When you reach the line containing "So the meaning" in the entries below, start writing out each line exactly, and stop after the line containing "Now, we have".

DATA FOR THIS EXERCISE:
↓
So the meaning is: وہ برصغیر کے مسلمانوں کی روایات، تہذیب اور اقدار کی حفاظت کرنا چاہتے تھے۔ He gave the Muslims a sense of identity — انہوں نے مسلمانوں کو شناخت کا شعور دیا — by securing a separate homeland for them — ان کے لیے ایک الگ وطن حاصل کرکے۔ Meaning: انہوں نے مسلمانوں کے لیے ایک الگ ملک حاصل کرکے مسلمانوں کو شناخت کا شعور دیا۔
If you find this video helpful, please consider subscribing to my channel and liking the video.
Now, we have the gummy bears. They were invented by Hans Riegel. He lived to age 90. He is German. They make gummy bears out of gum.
↑
↓
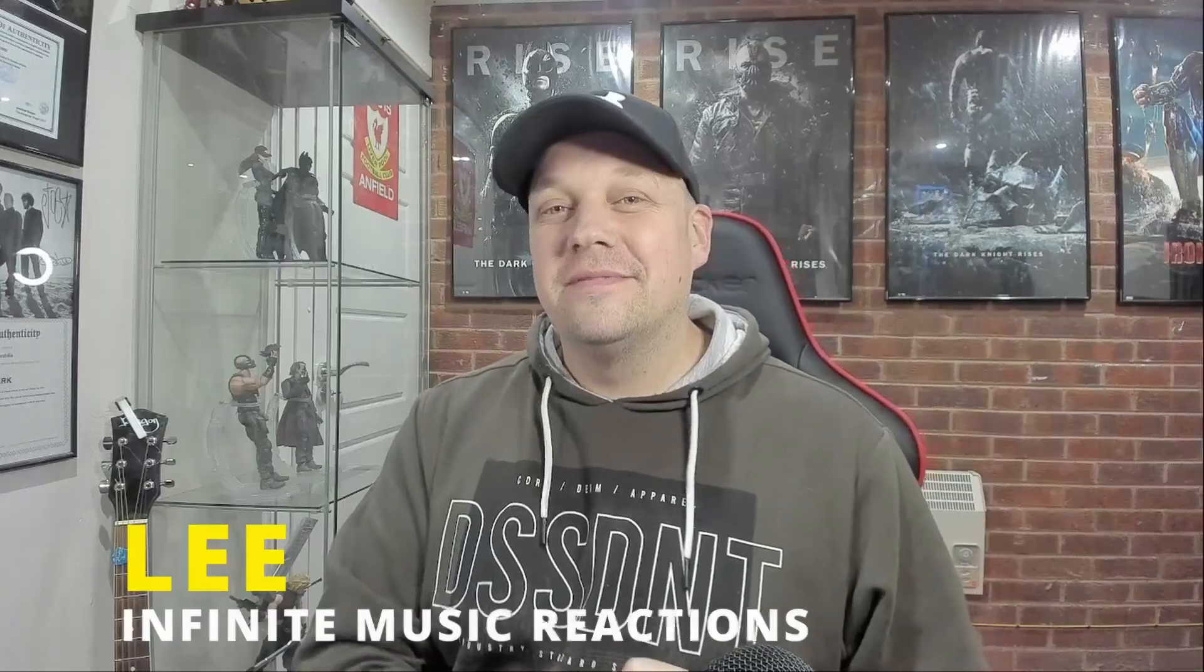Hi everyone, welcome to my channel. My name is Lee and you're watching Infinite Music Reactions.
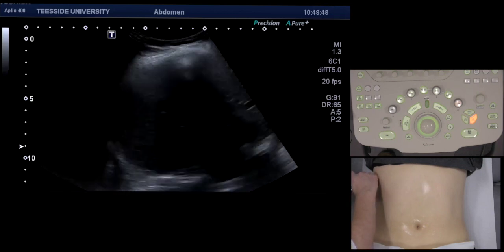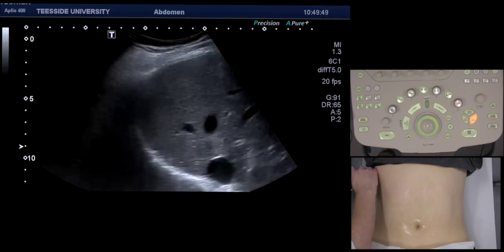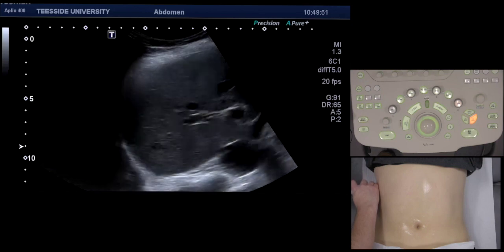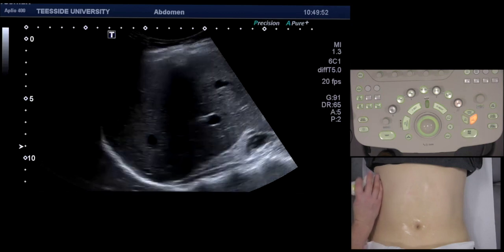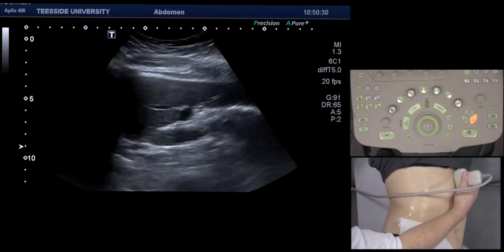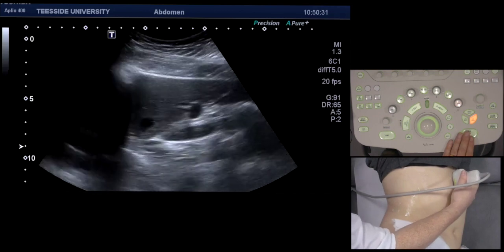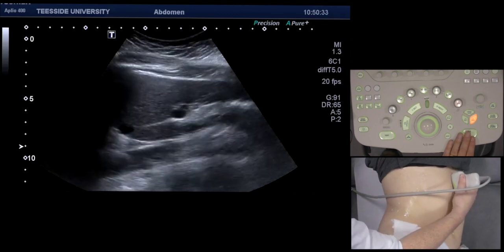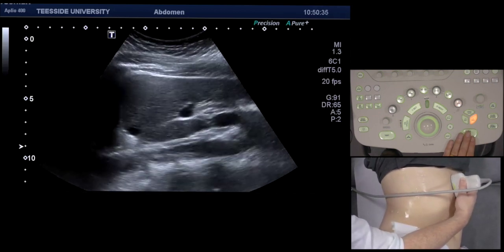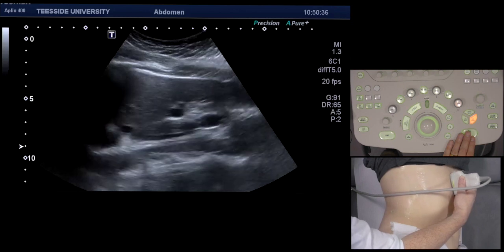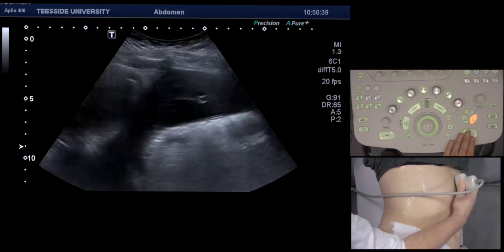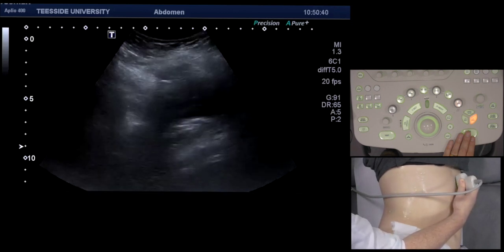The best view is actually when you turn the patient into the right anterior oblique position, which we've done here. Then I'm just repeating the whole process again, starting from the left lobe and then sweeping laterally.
↑
↓
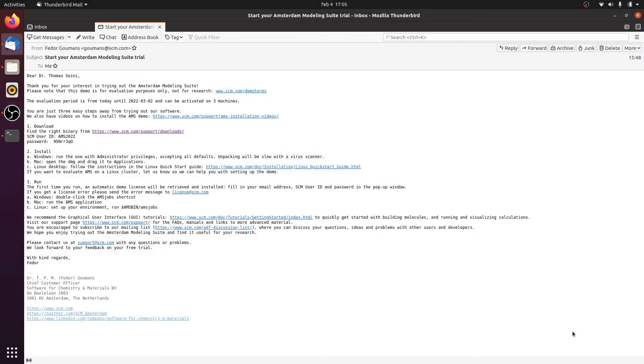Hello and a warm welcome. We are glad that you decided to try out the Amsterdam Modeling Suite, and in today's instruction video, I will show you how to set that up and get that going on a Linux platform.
↑
RESPONSE:
So the meaning is: وہ برصغیر کے مسلمانوں کی روایات، تہذیب اور اقدار کی حفاظت کرنا چاہتے تھے۔ He gave the Muslims a sense of identity — انہوں نے مسلمانوں کو شناخت کا شعور دیا — by securing a separate homeland for them — ان کے لیے ایک الگ وطن حاصل کرکے۔ Meaning: انہوں نے مسلمانوں کے لیے ایک الگ ملک حاصل کرکے مسلمانوں کو شناخت کا شعور دیا۔
If you find this video helpful, please consider subscribing to my channel and liking the video.
Now, we have the gummy bears. They were invented by Hans Riegel. He lived to age 90. He is German. They make gummy bears out of gum.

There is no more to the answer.